Posts Tagged ‘nosql’

Open Source Big Data Reporting & ETL show promises

March 16, 2012 1 comment

With Hadoop/Hbase/Hive, Cassandra, etc. you can store and manipulate peta-bytes of data. But what if you want to get nice looking reports or compare data held in a NoSQL solution with data held elsewhere? There have been two market leaders in the Open Source business intelligence space that are putting all their firepower onto Big Data now.

Pentaho Big Data seems to be a bit further ahead. They offer a graphical ETL tool, a report designer and a business intelligence server. These are existing tools but support for Hadoop HDFS, Map-Reduce, Hbase, Hive, Pig, Cassandra, etc. have been added.

Jaspersoft’s Open Source Big Data strategy is a little bit behind because connectors are not included yet into the main product and several are still in beta quality and with missing documentation.
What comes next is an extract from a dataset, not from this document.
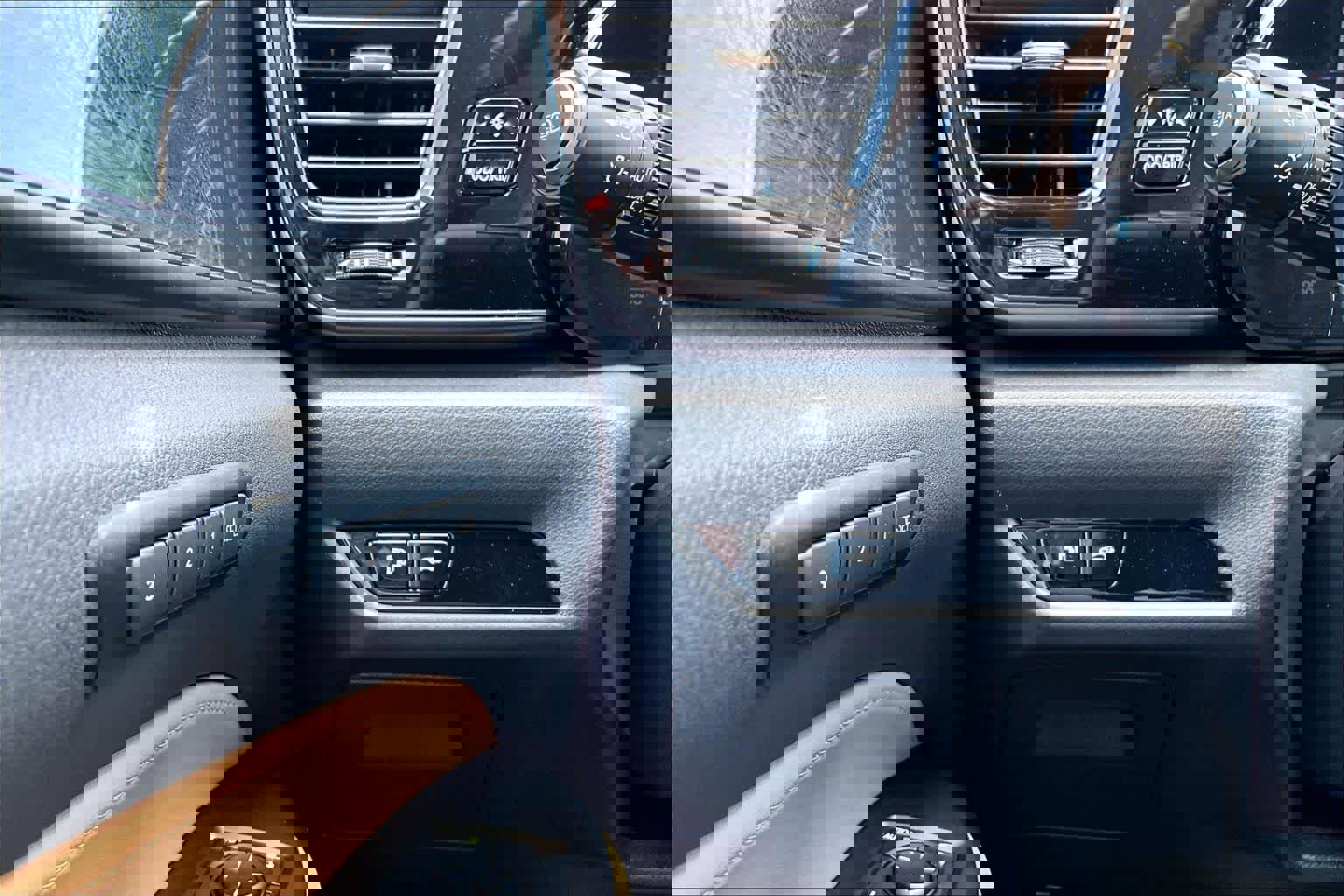 Used 2025 Lexus NX 250 FWD w/ Accessory Package (Z1) image 36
Both companies will accelerate the adoption of big data since the main problem with Big Data is easy reporting. Unstructured data is harder to format into a very structured report than structured data. Any solutions that will make this possible and additionally are Open Source are very welcome in times of cost cutting…


NextGen Hadoop, beyond MapReduce

Hadoop has run into architectural limitations and the community has started working on the Next Generation Hadoop [NGN Hadoop]. NGN Hadoop has some new management features of which multi-tenant application management is the major one. However the key change is that MapReduce no longer is entangled inside the rest of Hadoop. This will allow Hadoop to be used for MPI, Machine Learning, Master-Worker, Iterative Processing, Graph Processing, etc. New tools to better manage Hadoop are also being incubated, e.g. Ambari and HCatalog.

Why is this important for telecom?
Having one platform that allows massive data storage, peta-byte data analytics, complex parallel computations, large-scale machine learning, big data map reduce processing, etc. all in one multi-tenant set-up means that telecom operators could see massive reductions in their architecture costs together with faster go-to-market, better data intelligence, etc.

Telecom applications, that are redesigned around this new paradigm, can all use one shared back-office architecture. Having data centralized into one large Hadoop cluster instead of tens or hundreds of application-specific databases, will enable unseen data analytics possibilities and bring much-needed efficiencies.

Is this shared-architecture paradigm new? Not at all. Google has been using it since 2004 at least when they published Map Reduce and BigTable.

What is needed is that several large operators define this approach as their standard architecture hence telecom solution providers will start incorporating it into their solutions. Commercial support can be easily acquired from companies like Hortonworks, Cloudera, etc.

Having one shared data architecture and multi-tenant application virtualization in the form of a Telco PaaS would allow third-parties to launch new services quickly and cheaply, think days in stead of years…

Changing from Telco Grade to Web 2.0 Grade by fighting telecom myths

Most telecom operators are still thinking that software should be upgraded at most twice a year. Oracle RAC is the only valid database solution. RFQ’s bring innovation. If you pay higher software licenses, the software will have more features and as such will be better.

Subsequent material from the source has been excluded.